» Dataset excerpt:

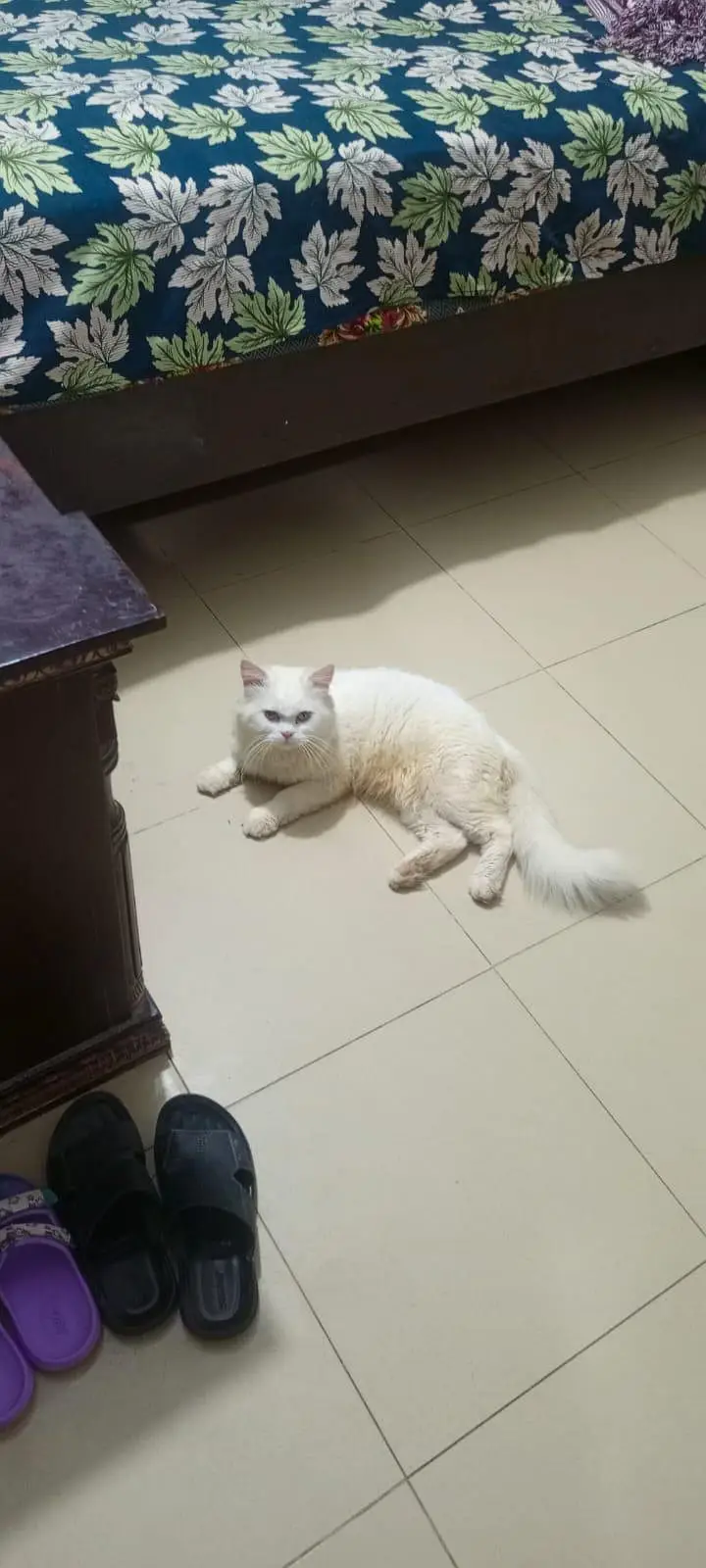 white colour 3 coated cat male ma hy eyes CLR yellow hy — photo 2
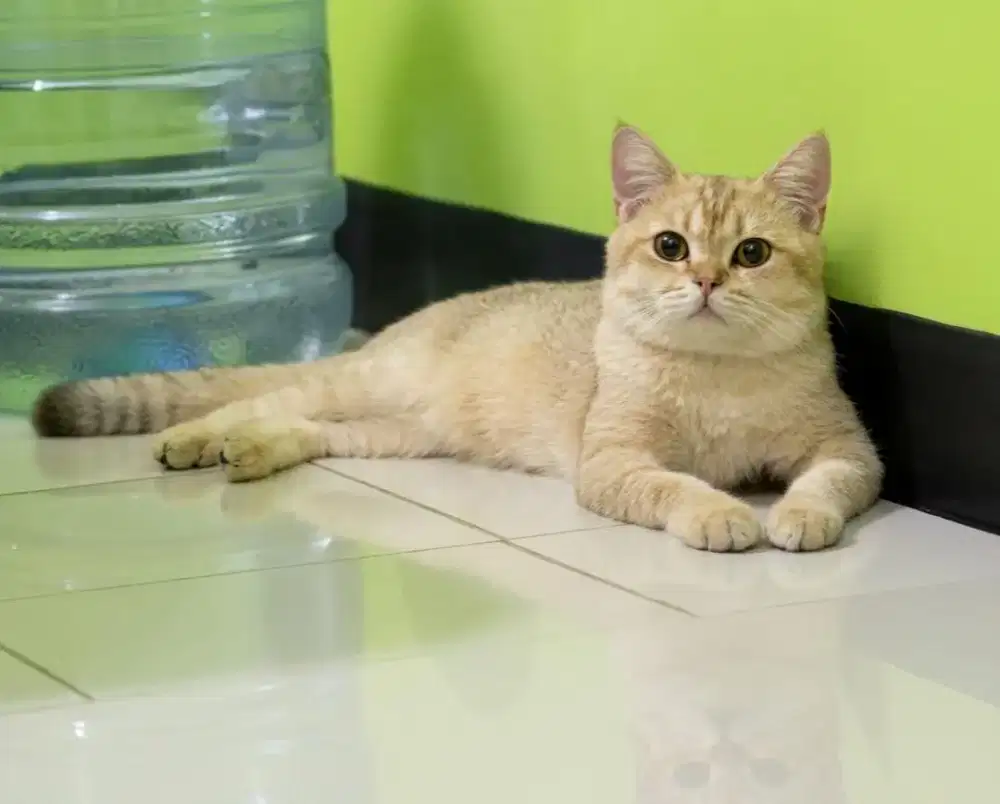 Kucing bsh(British Shorthair)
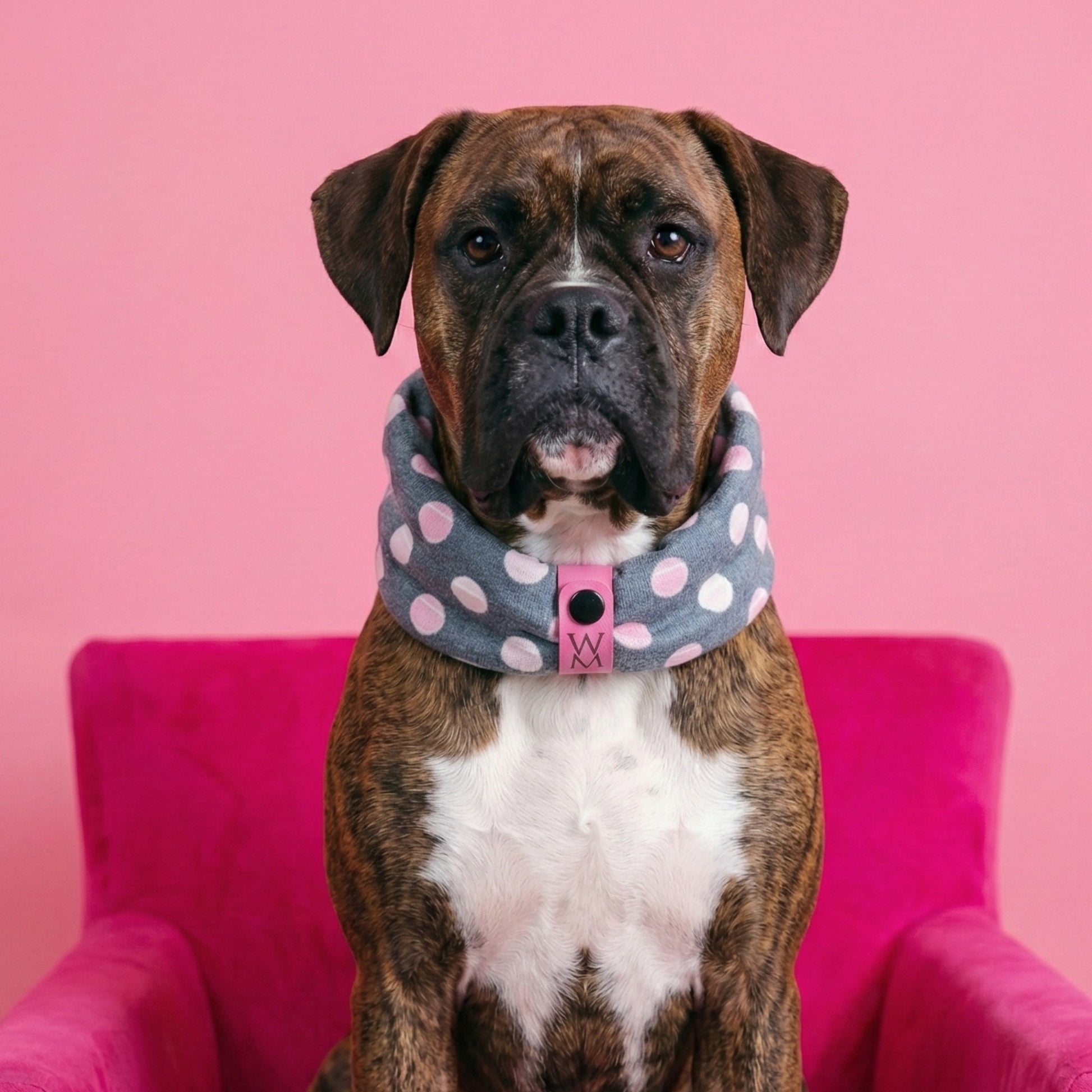 Ball is Life Snuggle Scarf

» The task: Pass over the images and copy the rest of the material above exactly.

» Finished task:
 white colour 3 coated cat male ma hy eyes CLR yellow hy — photo 2
 Kucing bsh(British Shorthair)
 Ball is Life Snuggle Scarf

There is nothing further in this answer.